Block Changes in Beta 1.2.13

Block Storage & Network Protocol Changes

Paletted chunks & removing BlockIDs brings a few big changes to how blocks are represented. In Bedrock, Blocks used to be represented by their 8 bit ID and 4 bit data; this means that we can only represent 256 blocks and 16 variants for each block. As it happens we ran out of IDs in Update Aquatic, so we had to do something about it :)

After this change, we can represent infinite types of Blocks and infinite BlockStates, just like in Java.

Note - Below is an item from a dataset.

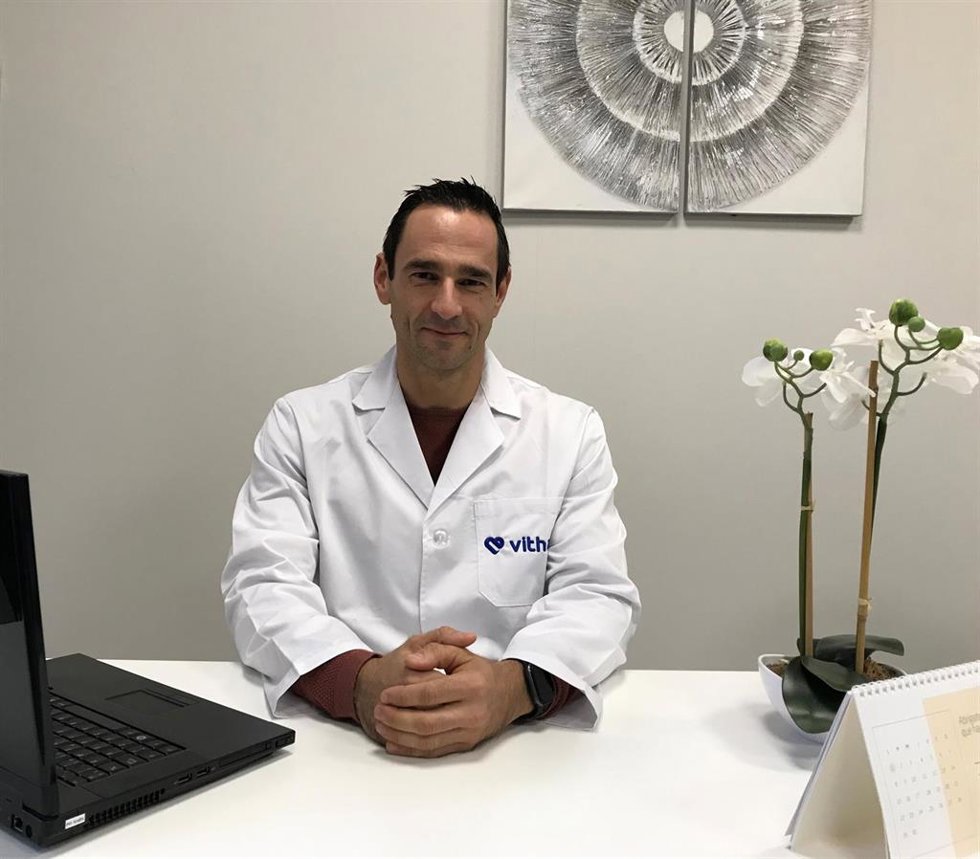 Pediatras advierten de un año escolar "más complicado" por repuntes en enfermedades como gripe o bronquiolitis. En la imagen el doctor Antonio Conejo.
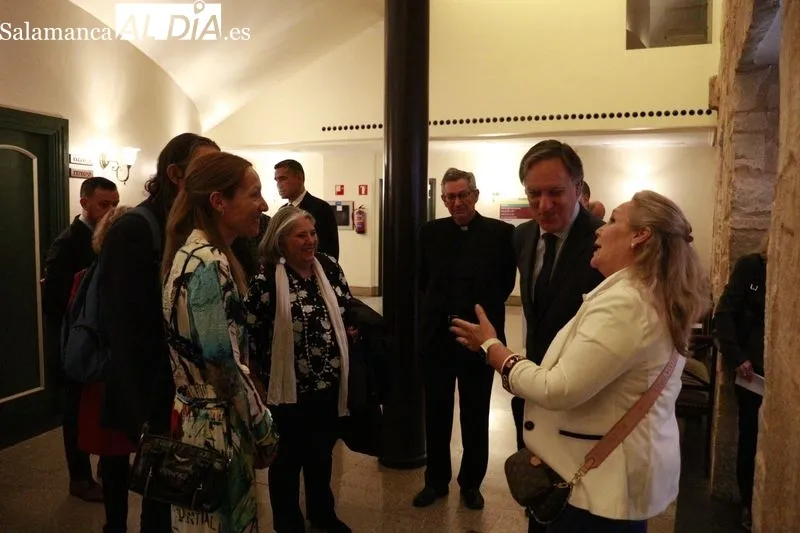Inauguración de la jornada homenaje al padre de la Neurociencia, Santiago Ramón y Cajal, en el Teatro Liceo. Foto Raúl Riego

BlockStates are what is sent over the network as they are roughly equivalent to the old ID+data information, eg. they're all the information attached to a block.

BlockStates are serialized in two ways:

PersistentID: a PersistentID is a NBT tag containing the BlockState name and its variant number; for example

{
    "name":"minecraft:log",
    "val":14
}

in the future it will contain the actual properties of the BlockState explicitly like in Java. This format is pretty expensive to serialize and send over the network though, so it isn't used in the protocol yet (and possibly never) but it might still be useful information for map makers :)

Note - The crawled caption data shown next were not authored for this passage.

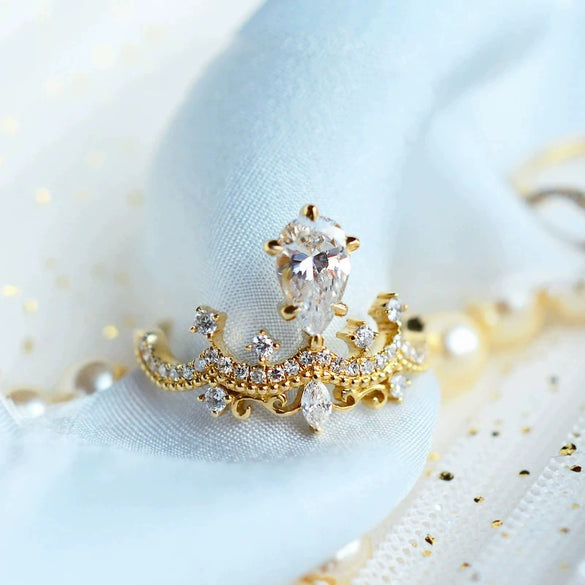 Wholesale Crown Ring Copper Zirconia Water Drop Pear Shaped Engagement Ring For Women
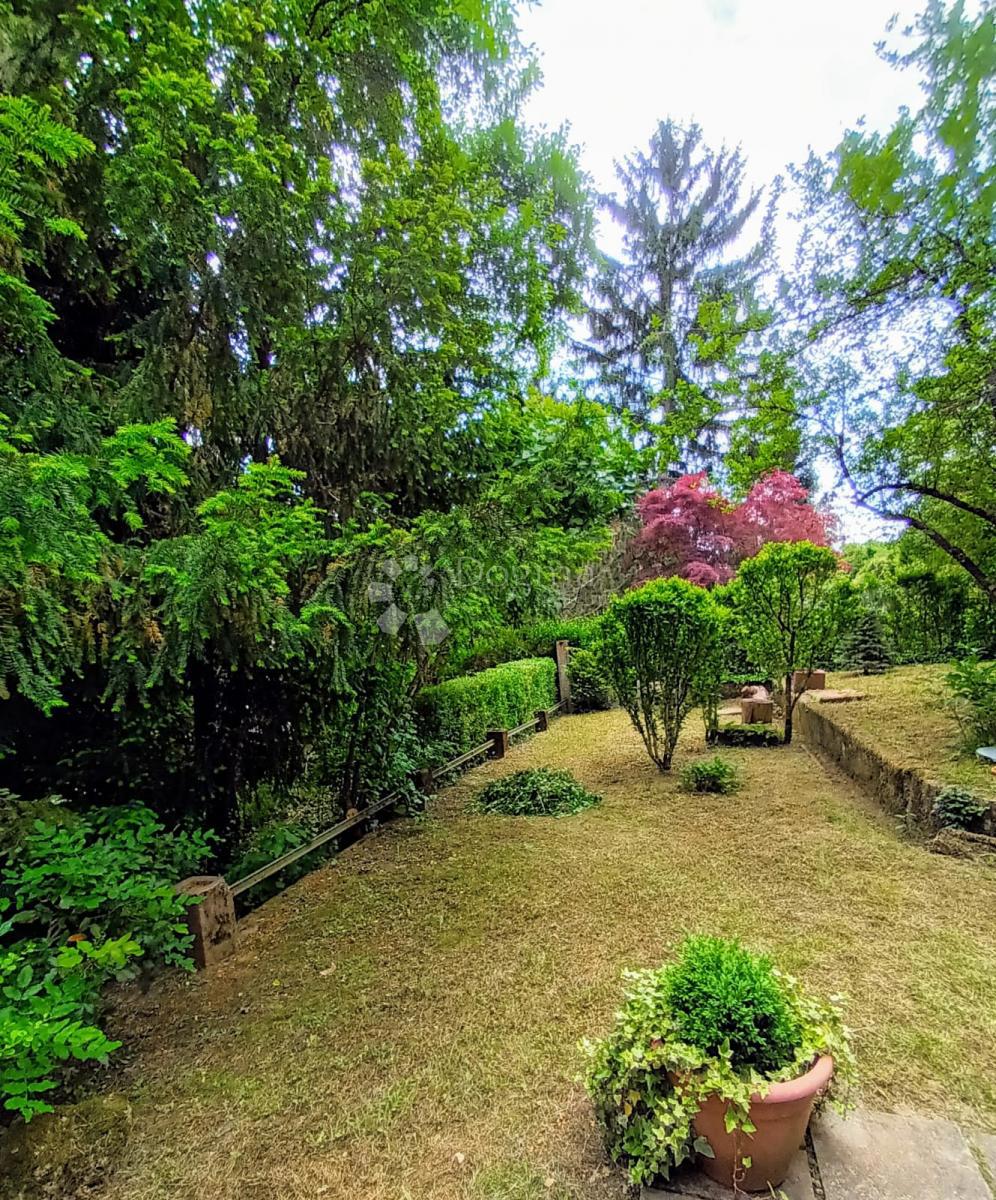 Casa Britanac, Gornji Grad - Medveščak, 350m2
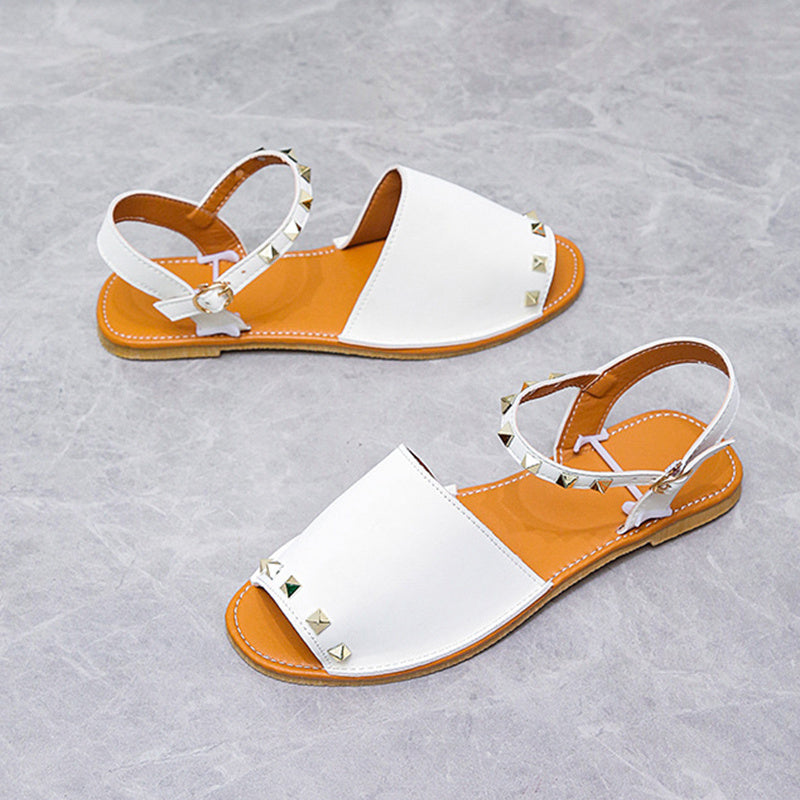 Flat Rivet Fish Mouth Beach Sandals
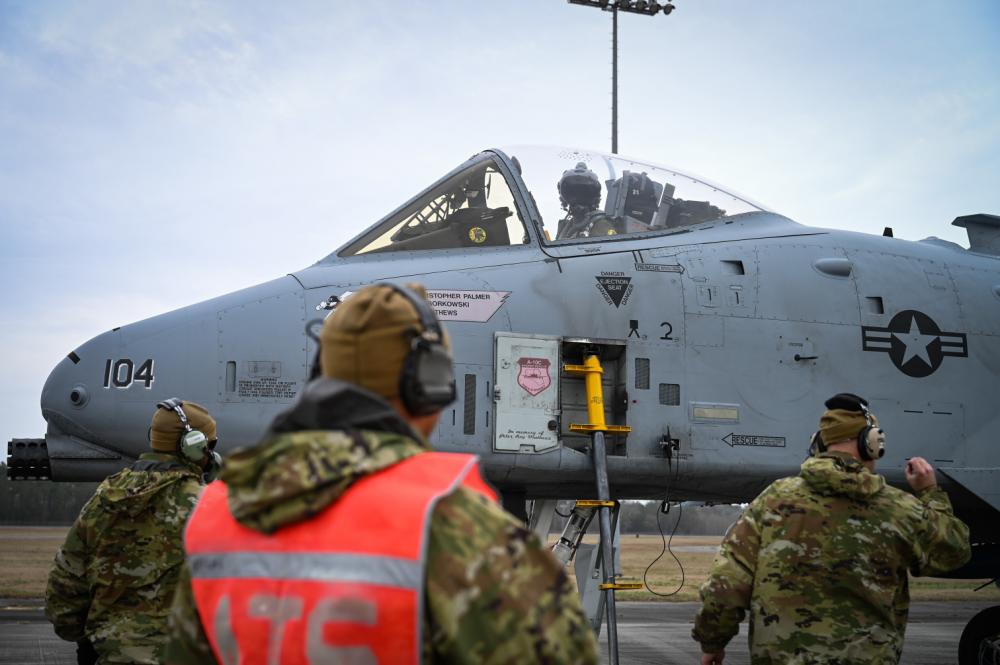 ReserveOrg's tweet photo. The Maryland @AirNatlGuard conducted Combat Search and Rescue training while exercising Agile Combat Employment during Exercise Sunshine Rescue 23, at the Savannah #CombatReadinessTrainingCenter: https://t.co/jKttHe2Rgr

RuntimeID: a RuntimeID is an alternate ID that is used to refer to a BlockState within a game session. It's an unsigned int that is assigned to each new BlockState we discover when loading a world; worlds with different Behavior packs can (in the future) represent the same BlockState with different RuntimeIDs.

Because of this, you shouldn't ever write RuntimeIDs to disk or make them persist across game sessions, because they should change. A future version of the protocol will let the server send a GlobalPalettePacket which will let you tell the Client which block is which and have it install new blocks.

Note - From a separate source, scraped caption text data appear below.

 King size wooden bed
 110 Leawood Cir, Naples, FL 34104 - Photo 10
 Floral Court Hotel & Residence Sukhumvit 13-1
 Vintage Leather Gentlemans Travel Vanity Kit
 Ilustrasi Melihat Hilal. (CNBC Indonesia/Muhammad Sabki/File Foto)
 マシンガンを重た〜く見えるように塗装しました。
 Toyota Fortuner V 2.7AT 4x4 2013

For the time being however, RuntimeIDs are actually static ( :( ) so you will have to use a lookup table to figure out which is which! The lookup table is appended at the end.

Typically, RuntimeIDs are serialized as varints.

Item changes

We didn't do the same ID removal for Item, because Item's ID was a short already and so it wasn't as much of a concern; what we did was to move new blocks to negative IDs. So, every block past 256 will be -1, -2, -3 and so on.

This means that you can't compare Block IDs and Item IDs directly anymore, even if you keep Block IDs around!

Changed packets

This is a (hopefully exhaustive) list of packets that changed and that your server should handle to talk with this version of Minecraft. If you're wondering where FullChunkDataPacket is, no worries! That one still supports the old format so you don't have to implement block palettes right away. Other packets aren't retrocompatible though, so you'll have to fix those:

  • UpdateBlockPacket: BlockID -> RuntimeID
  • LevelSoundEventPacket: BlockID -> Data (which is a RuntimeID)
  • LevelEventPacket: the Data varint now represents a RuntimeID for ParticlesDestroyBlock, ParticlesCrackBlock, ParticlesCropEaten and ParticlesDestroyArmorStand.
  • SetEntityDataPacket: Endermen and FallingBlock use RuntimeID to represent their BlockState.

FullChunkDataPacket

FullChunkDataPacket is an exception because it still understands the old format, as we needed to implement that anyway to read old worlds. Anyhow, you should start considering moving to the new format because until you do, you won't be able to send Blocks past 256 to the client!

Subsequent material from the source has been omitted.